Media ternama Inggris itu mengabarkan, banyak orang mendoakan kesembuhan bagi Trump saat dia dirujuk ke pusat medis Walter Reed untuk perawatan pada Jumat, 3 Oktober 2020 kemarin. Banyak orang di Twitter, termasuk lawannya di Pemilu AS, Joe Biden berharap dia cepat sembuh.
Namun banyak orang yang melakukan hal sebaliknya. Dunia maya berharap Trump meninggal karena virus itu. Sebab di bawah kepemimpinannya, lebih dari 200.000 orang di Amerika Serikat tewas selama pandemi. Trump juga berulang kali meremehkan tingkat keparahan penyakit akibat Covid-19 itu.
"Tweet yang menginginkan atau mengharapkan kematian, cedera tubuh yang serius atau penyakit fatal terhadap siapa pun tidak diizinkan dan perlu dihapus," tulis manajemen Twitter.
Tangkapan Layar Pengumuman Kebijakan Twitter. (Foto: Tagar/Rifa Yanas)
Kebijakan ini, dikonfirmasi The Guardian telah berlaku sejak April 2020 dan berlaku untuk semua pengguna, tidak hanya Trump.
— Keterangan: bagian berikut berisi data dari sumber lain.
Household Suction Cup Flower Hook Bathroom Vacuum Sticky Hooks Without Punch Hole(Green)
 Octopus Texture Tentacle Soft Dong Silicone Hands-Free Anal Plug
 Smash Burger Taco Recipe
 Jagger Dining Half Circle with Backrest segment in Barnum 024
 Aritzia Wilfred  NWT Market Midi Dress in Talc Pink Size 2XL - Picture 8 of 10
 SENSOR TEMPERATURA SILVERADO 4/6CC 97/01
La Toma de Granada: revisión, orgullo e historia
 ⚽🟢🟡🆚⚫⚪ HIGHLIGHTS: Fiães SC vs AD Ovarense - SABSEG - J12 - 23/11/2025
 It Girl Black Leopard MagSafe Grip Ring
Merujuk pada laman resmi Twitter, sanksi atas pelanggaran kebijakan ini tetap mempertimbangkan banyak faktor. Termasuk tingkat pelanggaran dan catatan pelanggaran aturan sebelumnya dari seseorang pengguna tersebut.
Baca juga: Wow, Harga Remdesivir di Amerika Dipatok Rp 9 Juta Sehari!
“Misalnya, kami mungkin meminta seseorang untuk menghapus konten yang melanggar dan menjalankan jangka waktu tertentu dalam mode read only sebelum mereka dapat nge-Tweet lagi,” demikian bunyi aturan itu.
Platform media sosial ini sekaligus menekankan penangguhan permanen akan diberlakukan jika sebuah akun terlibat perilaku kasar dan tidak mengindahkan peringatan sebelumnya.[]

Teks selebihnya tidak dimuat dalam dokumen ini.